La cybersécurité, enjeu transversal de souveraineté et de compétitivité

La cybersécurité est aujourd’hui la condition de fonctionnement de toutes les entités publiques et privées. Face à l’explosion des cyberattaques (+400 % en France entre 2020 et 2021), la protection des systèmes d’information est devenue un enjeu régalien. La France est le 4e pays le plus ciblé au monde.

Les chaînes de valeur industrielles, les données sensibles et la continuité des services publics dépendent directement de cette résilience numérique. La cybersécurité est ainsi à la fois une brique de souveraineté et un levier économique majeur : elle génère 14,1 milliards d’euros de chiffre d’affaires, dont 5 milliards à l’export, et emploie plus de 70 000 personnes en France.

Un écosystème dynamique existe déjà : grands groupes (Thales, Orange Cyberdéfense), PME innovantes (Olvid, Tehtris), et initiatives publiques (ANSSI, Campus Cyber).

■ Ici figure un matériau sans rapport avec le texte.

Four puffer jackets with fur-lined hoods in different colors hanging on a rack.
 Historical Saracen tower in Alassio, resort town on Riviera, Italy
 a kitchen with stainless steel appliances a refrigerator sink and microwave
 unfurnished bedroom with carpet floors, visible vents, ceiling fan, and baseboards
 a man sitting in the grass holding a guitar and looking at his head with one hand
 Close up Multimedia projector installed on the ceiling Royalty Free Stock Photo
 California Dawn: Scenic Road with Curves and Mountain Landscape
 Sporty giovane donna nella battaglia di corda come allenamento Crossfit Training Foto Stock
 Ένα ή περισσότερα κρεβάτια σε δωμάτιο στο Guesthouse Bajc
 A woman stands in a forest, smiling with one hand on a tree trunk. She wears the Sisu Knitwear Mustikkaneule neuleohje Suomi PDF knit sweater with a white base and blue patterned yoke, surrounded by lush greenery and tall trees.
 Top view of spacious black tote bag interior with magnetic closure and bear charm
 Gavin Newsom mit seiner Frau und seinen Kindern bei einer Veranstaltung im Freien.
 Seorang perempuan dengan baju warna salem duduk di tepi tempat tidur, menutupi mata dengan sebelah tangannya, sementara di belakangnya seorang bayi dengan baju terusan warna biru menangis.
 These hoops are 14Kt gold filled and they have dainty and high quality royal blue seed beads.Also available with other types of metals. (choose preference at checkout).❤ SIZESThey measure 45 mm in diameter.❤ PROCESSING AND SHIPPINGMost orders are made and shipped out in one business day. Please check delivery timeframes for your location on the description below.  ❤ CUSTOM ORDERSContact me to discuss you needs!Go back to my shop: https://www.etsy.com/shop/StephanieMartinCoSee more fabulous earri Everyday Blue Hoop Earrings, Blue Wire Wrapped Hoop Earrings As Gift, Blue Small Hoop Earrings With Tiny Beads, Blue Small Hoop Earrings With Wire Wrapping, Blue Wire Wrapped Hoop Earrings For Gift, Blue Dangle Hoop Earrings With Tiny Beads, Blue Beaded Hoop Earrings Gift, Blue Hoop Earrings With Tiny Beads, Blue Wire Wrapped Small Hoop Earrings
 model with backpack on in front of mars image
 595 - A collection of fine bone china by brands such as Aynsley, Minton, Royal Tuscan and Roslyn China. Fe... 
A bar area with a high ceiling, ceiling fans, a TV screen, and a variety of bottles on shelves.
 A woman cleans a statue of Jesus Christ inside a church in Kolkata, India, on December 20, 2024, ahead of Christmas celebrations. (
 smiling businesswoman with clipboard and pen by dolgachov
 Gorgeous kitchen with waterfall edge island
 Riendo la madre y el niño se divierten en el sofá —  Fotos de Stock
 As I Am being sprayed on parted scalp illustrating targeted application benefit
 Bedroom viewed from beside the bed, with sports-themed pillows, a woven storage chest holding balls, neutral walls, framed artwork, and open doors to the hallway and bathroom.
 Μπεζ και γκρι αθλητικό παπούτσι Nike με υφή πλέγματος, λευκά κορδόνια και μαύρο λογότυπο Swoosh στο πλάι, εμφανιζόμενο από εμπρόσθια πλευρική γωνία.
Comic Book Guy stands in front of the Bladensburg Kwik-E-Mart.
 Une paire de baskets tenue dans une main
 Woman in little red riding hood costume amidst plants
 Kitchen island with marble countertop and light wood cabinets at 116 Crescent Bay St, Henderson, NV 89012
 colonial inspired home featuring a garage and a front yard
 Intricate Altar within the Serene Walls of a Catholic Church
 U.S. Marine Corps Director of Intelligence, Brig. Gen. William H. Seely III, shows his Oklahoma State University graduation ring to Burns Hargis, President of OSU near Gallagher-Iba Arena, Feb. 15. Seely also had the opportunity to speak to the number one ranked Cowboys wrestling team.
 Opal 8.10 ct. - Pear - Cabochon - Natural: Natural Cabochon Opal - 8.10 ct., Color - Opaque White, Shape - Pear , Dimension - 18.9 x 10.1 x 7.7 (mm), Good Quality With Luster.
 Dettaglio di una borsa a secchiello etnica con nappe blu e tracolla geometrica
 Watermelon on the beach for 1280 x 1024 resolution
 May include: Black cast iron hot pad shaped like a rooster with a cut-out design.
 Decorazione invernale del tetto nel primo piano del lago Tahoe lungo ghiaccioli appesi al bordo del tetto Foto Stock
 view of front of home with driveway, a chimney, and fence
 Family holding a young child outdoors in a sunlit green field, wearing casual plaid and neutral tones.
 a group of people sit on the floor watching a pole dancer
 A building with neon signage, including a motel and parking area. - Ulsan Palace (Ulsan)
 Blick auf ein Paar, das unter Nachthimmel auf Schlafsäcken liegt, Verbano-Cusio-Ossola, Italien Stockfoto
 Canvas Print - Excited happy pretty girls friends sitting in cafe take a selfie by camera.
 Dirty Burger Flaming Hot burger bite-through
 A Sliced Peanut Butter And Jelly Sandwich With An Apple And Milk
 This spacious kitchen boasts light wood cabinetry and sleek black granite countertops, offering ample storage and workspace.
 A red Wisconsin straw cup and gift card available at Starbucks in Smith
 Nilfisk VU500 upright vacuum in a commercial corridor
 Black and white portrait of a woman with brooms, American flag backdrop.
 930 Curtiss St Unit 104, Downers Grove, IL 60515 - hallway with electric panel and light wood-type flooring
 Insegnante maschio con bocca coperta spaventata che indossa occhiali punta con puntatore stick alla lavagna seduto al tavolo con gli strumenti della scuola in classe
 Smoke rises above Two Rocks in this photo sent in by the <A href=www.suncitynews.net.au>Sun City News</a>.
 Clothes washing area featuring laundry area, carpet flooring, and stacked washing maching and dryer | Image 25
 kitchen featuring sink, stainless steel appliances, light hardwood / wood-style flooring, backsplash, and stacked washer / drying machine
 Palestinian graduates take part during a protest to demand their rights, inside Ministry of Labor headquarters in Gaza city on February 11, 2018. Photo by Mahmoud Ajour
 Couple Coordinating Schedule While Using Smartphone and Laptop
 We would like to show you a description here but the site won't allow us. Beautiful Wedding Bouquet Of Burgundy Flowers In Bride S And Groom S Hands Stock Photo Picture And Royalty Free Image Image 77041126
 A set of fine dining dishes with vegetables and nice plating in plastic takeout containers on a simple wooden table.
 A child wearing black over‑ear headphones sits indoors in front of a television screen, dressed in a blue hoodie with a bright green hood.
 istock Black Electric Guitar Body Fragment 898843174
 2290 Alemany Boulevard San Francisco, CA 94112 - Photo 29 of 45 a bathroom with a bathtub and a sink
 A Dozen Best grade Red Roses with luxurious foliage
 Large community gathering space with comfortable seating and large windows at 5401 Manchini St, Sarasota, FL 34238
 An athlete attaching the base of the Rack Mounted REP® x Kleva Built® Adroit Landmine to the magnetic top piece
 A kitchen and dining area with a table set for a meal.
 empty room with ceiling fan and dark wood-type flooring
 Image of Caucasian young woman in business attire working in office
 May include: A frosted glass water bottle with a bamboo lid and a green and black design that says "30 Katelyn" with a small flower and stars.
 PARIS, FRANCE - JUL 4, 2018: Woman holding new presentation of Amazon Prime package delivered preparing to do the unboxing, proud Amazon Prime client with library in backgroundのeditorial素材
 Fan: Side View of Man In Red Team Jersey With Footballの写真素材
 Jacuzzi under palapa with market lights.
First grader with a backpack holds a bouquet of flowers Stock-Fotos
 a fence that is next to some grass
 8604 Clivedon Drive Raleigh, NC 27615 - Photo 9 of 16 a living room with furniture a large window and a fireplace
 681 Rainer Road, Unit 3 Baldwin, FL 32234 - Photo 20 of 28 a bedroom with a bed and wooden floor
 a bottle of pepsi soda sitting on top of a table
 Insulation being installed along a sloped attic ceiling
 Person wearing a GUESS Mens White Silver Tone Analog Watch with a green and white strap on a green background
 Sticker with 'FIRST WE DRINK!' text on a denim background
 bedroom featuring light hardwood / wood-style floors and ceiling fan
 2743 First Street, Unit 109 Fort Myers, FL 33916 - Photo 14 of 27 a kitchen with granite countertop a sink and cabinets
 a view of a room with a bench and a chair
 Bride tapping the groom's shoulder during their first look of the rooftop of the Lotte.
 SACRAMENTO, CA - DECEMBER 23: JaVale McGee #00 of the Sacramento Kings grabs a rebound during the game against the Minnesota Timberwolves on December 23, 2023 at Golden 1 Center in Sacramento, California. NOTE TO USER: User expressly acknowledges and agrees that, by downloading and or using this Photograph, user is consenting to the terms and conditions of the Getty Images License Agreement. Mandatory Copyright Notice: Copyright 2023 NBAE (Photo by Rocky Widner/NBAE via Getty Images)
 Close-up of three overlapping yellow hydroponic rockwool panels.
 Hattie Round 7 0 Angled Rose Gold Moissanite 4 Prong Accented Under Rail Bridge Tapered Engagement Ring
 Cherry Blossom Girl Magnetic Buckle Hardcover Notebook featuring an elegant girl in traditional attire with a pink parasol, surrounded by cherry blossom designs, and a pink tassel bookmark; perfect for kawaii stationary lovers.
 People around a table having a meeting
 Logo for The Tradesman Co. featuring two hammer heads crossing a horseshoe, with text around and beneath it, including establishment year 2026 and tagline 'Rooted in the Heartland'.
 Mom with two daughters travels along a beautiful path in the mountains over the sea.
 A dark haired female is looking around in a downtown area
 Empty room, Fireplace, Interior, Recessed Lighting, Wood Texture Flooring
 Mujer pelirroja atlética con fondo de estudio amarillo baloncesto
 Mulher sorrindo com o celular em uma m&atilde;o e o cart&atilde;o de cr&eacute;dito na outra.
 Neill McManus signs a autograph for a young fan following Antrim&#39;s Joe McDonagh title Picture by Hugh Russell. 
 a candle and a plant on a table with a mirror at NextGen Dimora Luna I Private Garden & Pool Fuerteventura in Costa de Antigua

Pourtant, le recours à des solutions étrangères reste encore trop répandu, y compris dans les achats publics.

En parallèle, la filière peine à combler ses besoins en compétences : 15 000 postes sont non pourvus. L’attractivité des métiers, la structuration des formations et la sensibilisation dès le plus jeune âge sont devenues des priorités nationales.

Déployer une stratégie industrielle et éducative du cyber souverain

Face à ce constat, plusieurs leviers structurants doivent être activés pour bâtir une cybersécurité souveraine, compétitive et durable.

Premièrement, la commande publique doit être utilisée comme levier stratégique. L’instauration d’un Buy European Act numérique, orientant les achats vers des solutions françaises et européennes, permettrait d’accélérer la montée en puissance des acteurs locaux. Ce principe vaut aussi pour les grandes entreprises, dont la politique d’achat IT doit intégrer des critères de souveraineté.

Ensuite, le cadre réglementaire européen doit être consolidé. Il faut systématiser la prise en compte de l’origine technologique dans les textes comme la directive NIS 2 ou le Cyber Resilience Act. De même, l’interopérabilité des normes et la convergence des référentiels sont essentiels pour crédibiliser une offre européenne commune.

Le capital humain constitue l’autre pilier : il faut initier les élèves au code et aux enjeux cyber dès le primaire, renforcer la formation continue, labelliser les cursus privés et encourager les reconversions professionnelles. Une « culture du cyber » doit irriguer les entreprises comme les administrations, à l’instar de ce que la RSE a permis en une décennie.

Enfin, il est nécessaire de bâtir une offre cyber made in Europe, clairement identifiée. Cela passe par un catalogue unique de solutions souveraines, promu et accessible, intégrant des cas d’usage concrets et certifié par des acteurs reconnus comme l’ANSSI ou l’Alliance pour la confiance numérique.

Le financement reste un point clé : les fonds publics doivent être doublés dans France 2030, et des véhicules européens de corporate venture dédiés au cyber doivent émerger pour permettre à nos acteurs de franchir les seuils critiques.

Pour une souveraineté numérique offensive et assumée

La cybersécurité n’est plus un simple enjeu technique : elle est un enjeu de souveraineté, de compétitivité et de résilience collective. L’Europe ne peut pas prétendre à l’autonomie stratégique sans une maîtrise de ses technologies critiques. Cela suppose de sortir de la logique défensive pour adopter une posture offensive, pragmatique et coopérative.

La France a les talents, les outils et les entreprises. À elle de créer les conditions d’une puissance numérique ancrée, ambitieuse et souveraine.